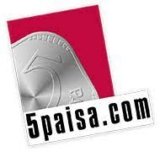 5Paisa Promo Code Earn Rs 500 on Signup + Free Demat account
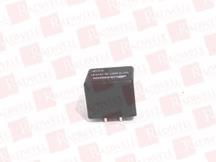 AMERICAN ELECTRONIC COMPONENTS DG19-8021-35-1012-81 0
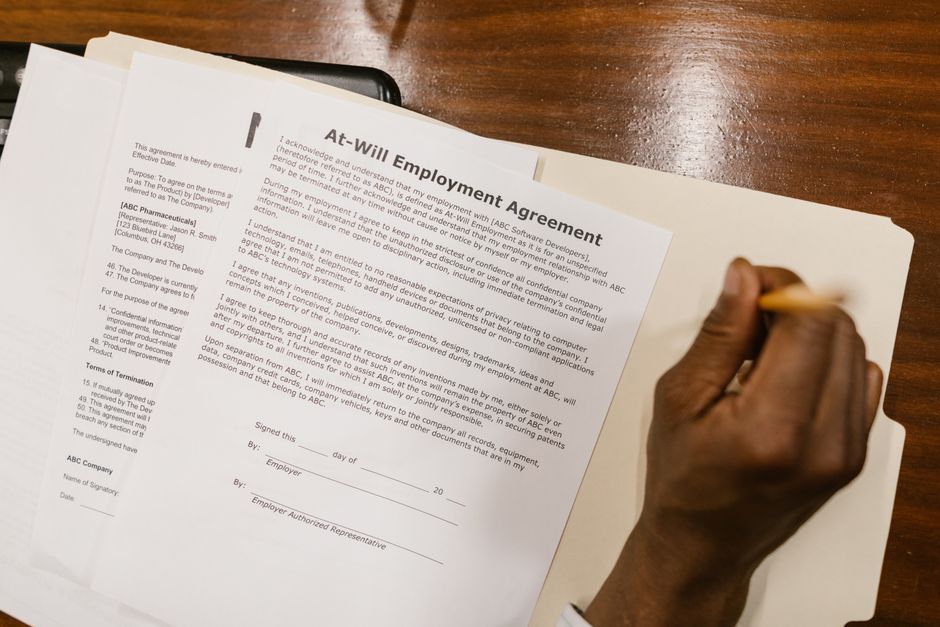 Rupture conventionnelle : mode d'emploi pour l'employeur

◆ EXERCISE DESCRIPTION
All the material above must be copied exactly, and no picture belongs in the copy.

◆ RESULT OF THE TASK
 5Paisa Promo Code Earn Rs 500 on Signup + Free Demat account
 AMERICAN ELECTRONIC COMPONENTS DG19-8021-35-1012-81 0
 Rupture conventionnelle : mode d'emploi pour l'employeur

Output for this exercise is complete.